Josef Schaupper

Personal information
- Nationality: Austrian
- Born: 3 August 1963
- Died: 11 November 2000 (aged 37) Kitzsteinhorn, Austria
- Years active: 1987 – 1999

Sport
- Country: Austria
- Sport: alpine skiing

Medal record
Representing Austria
Men's Alpine skiing
Winter Deaflympics
| Event | 1st | 2nd | 3rd |
| Deaflympics | 1 | 5 | 1 |
| Gold medal – first place | Oslo 1987 | Parallel slalom |
| Silver medal – second place | Oslo 1987 | Slalom |
| Silver medal – second place | Ylläs 1995 | Giant slalom |
| Silver medal – second place | Ylläs 1995 | Super-G |
| Silver medal – second place | Davos 1999 | Slalom |
| Silver medal – second place | Davos 1999 | Super-G |
| Bronze medal – third place | Oslo 1987 | Downhill |

= Josef Schaupper =

Austrian alpine skier

Josef Schaupper (3 August 1963 – 11 November 2000) was an Austrian deaf alpine skier. He represented Austria at the Deaflympics in 1987, 1995 and 1999, winning 7 medals including a gold medal. He died in the Kaprun funicular railway fire on 11 November 2000, along with his fellow deaf skiers.

== Career ==
Schaupper made his debut at the 1987 Winter Deaflympics and competed on two further occasions. In his maiden appearance, he won 3 medals: gold medal in parallel slalom, silver medal in slalom and bronze medal in downhill.
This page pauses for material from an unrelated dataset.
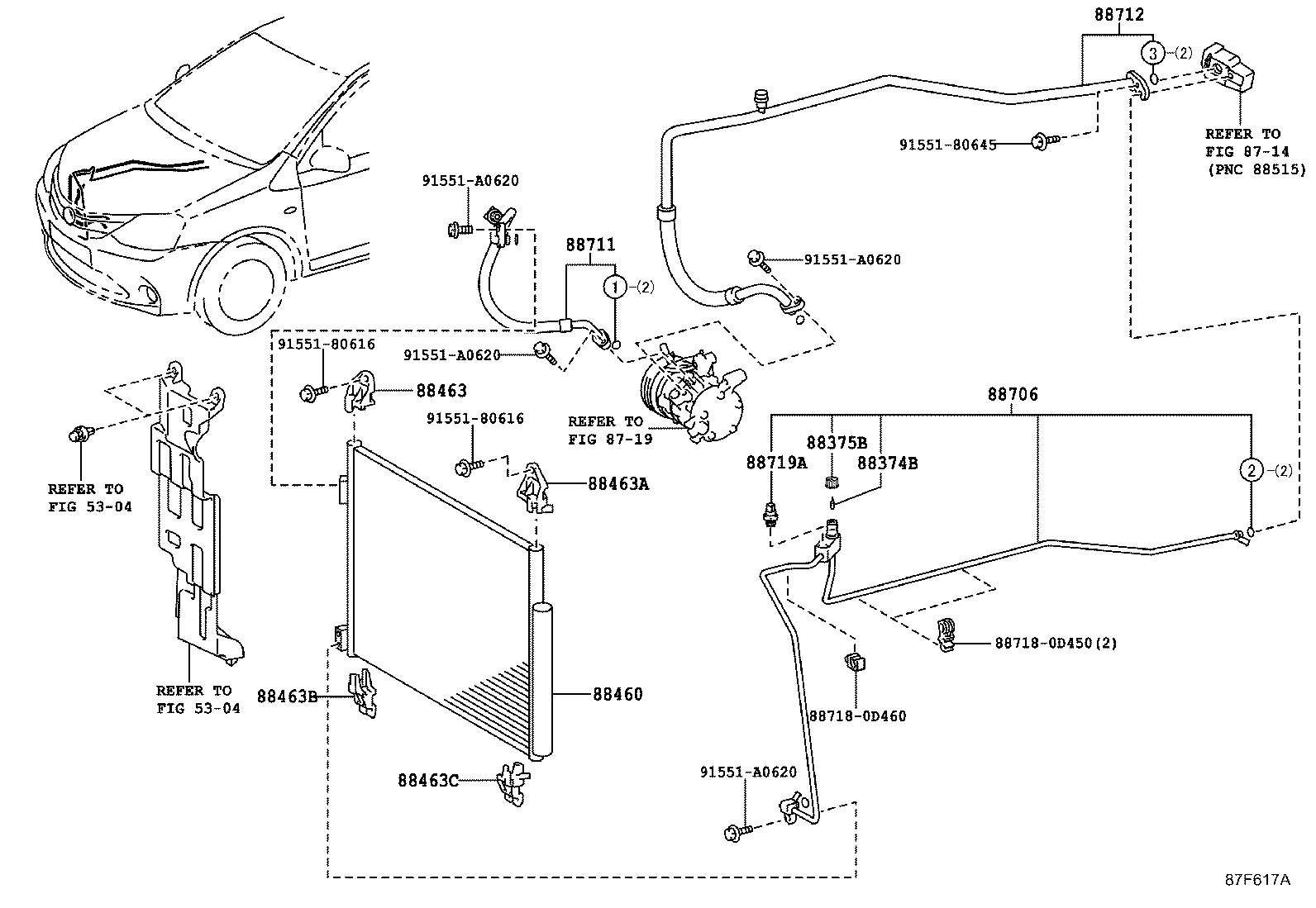 88460-0D650 CONDENSER ASSY, COOLER product image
After missing the 1991 Winter Deaflympics, he took part in the 1995 Winter Deaflympics, winning silver medals in the men's giant slalom and super giant events. In the 1999 Winter Deaflympics, he again won silver medals in the men's slalom and super giant events.

== Death ==

Schaupper and his friends Sandra Mayr, Karl Hutegger and Stephan Mohr, who were also deaf skiers, were trapped and killed in a fire in an ascending train in the tunnel of the Gletscherbahn Kaprun 2 in Kaprun. The disaster killed 155 people. A memorial to Josef Schaupper was erected in 2011 in Goldegg.